The issue before that court was the issue of medical negligence and not the issue of motor traffic accident negligence which is the issue before this court.  Although those two negligences are both involved in the death of the deceased, they are separate each with its own Tortfeasor separate and distinct from the other.  In this matter, the two Tortfeasors were not joint Tortfeasors and I think the filing of HCCC No.512 of 1999 and HCCC No.1081 of 2001, separately, was proper and preferable.  However the two suits having been separately filed ought to have been consolidated for hearing to avoid the kind of situation we now find ourselves in when dealing with HCCC No.1081 of 2001 – to-day.

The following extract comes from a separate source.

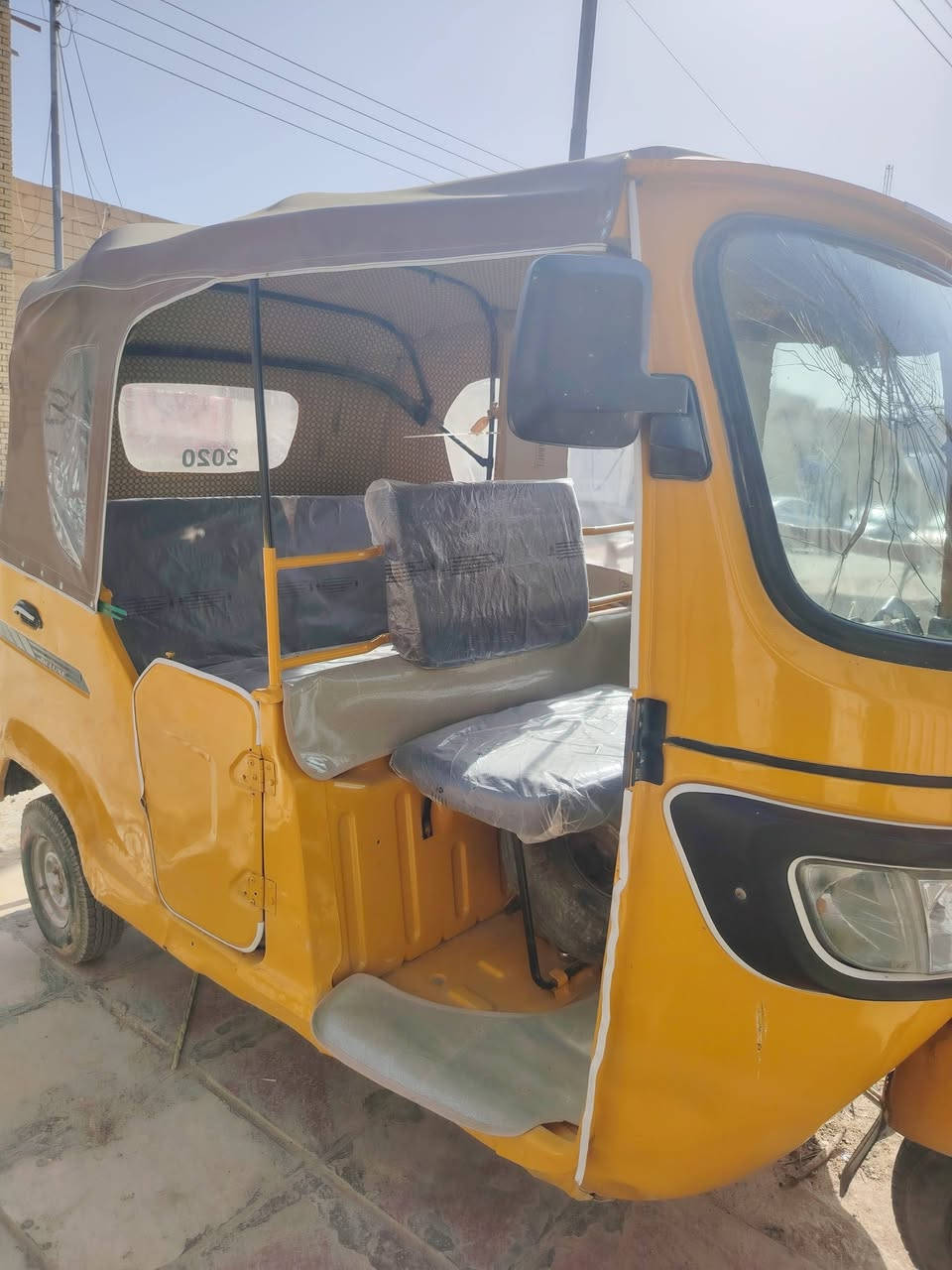 تكتك موديل ٢٠ أوراق مكان ناصريه سعر ٤ ملاين بيها مجال التواصل واتساب ***********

I say so bearing in mind that in HCCC No.512 of 1999 my learned brother Lenaola J. in making his award, fully considered every prayer in the plaint before him, and he was perfectly entitled to do so in the circumstances, and proceeded to make full award on each prayer.  That having happened, it becomes difficult to decide in the instant suit, HCCC No.1081 of 2001, the proper award to be granted to the plaintiff – against the defendants.

To my mind, the plaintiff appears to have got everything through HCCC No.512 of 1999 and to proceed to give him similar and separate awards in the instant suit would amount to giving him double compensation when he ought not get all that.

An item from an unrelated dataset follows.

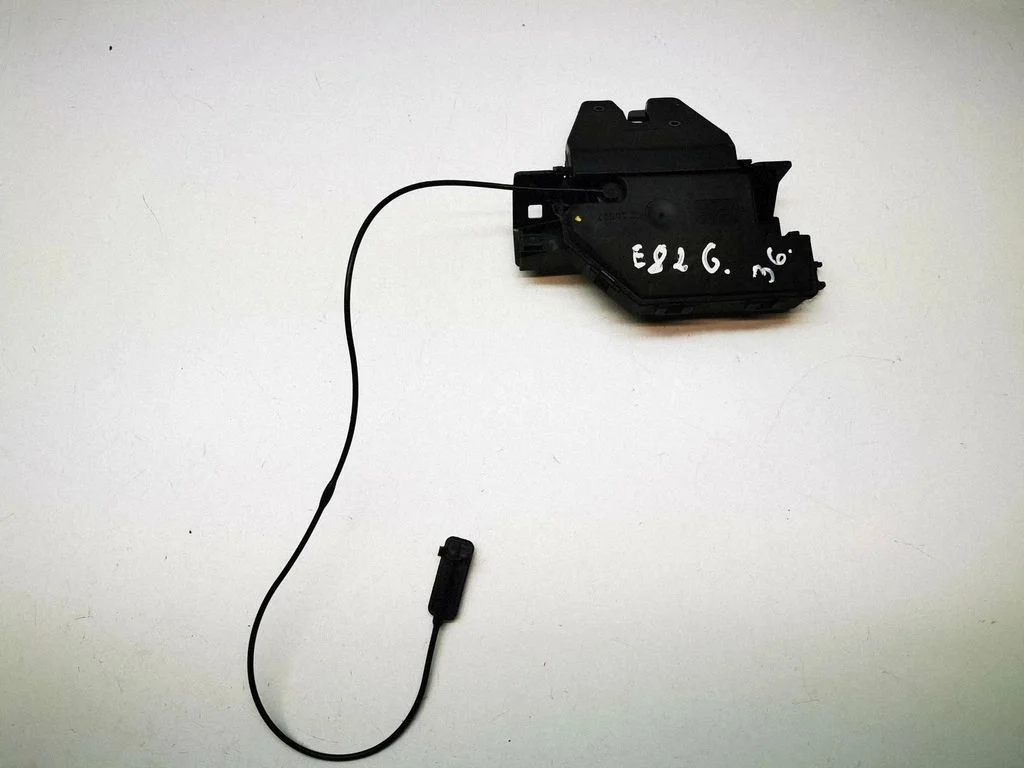 Tailgate/trunk/boot lock/catch/latch 7840617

The Defendant’s counsel have submitted that the plaintiff should be awarded nothing because the plaintiff got compensated in HCCC No.512 of 1999.  The Plaintiff’s counsel has submitted that since the judgment sum of Kshs.8,853,500/= in HCCC No.512 of 1999 was compromised to Kshs.6,846,525/=, the Defendants in the instant suit HCCC No.1081 of 2001 should pay the plaintiff the difference which is Kshs.2,006,975/=.

It appears to me what the plaintiff’s counsel is saying is reasonable because it is also reasonable to think that had these two suits been consolidated for hearing before Lenaola J, the learned judge could have awarded the plaintiff the sum of Kshs.8,853,500/= against the defendants in both suits jointly and/or severally and in those circumstances the subsequent compromised figure of Kshs.6,846,525/= leading to a loss to the plaintiff of Kshs.2,006,975/= may not have been there.

In the circumstances of this case therefore, it is hereby ordered that the Defendants jointly and/or severally do pay the plaintiff the sum of Kshs.2,006,975/= general damages under prayer (a).  I decline to make awards under prayers (b), (c) and (d).

Concerning costs of the suit, counsel for the Defendant submitted that the plaintiff should bear those costs because he filed this suit “with knowledge that he had been compensated in HCCC No.512  of 1999. ”  Since this suit, HCCC No.1081 of 2001 was filed in the year 2001 and the judgment in HCCC (HCC) No.512 of 1999 which each party is relying upon indicates was delivered in the year 2004; I have no evidence to show that the plaintiff filed HCCC No.1081 of 2001 “with knowledge that he had been compensated in HCCC No.512 of 1999”.  In any case, I have said earlier that the filing of HCCC No.1081 of 2001 was proper and preferable.

Accordingly, the Defendants to pay costs of this suit jointly and/or severally, to the plaintiff.  Interest be paid on the total sum due.

Delivered, dated and signed at Nairobi this 29th day of September of 2008.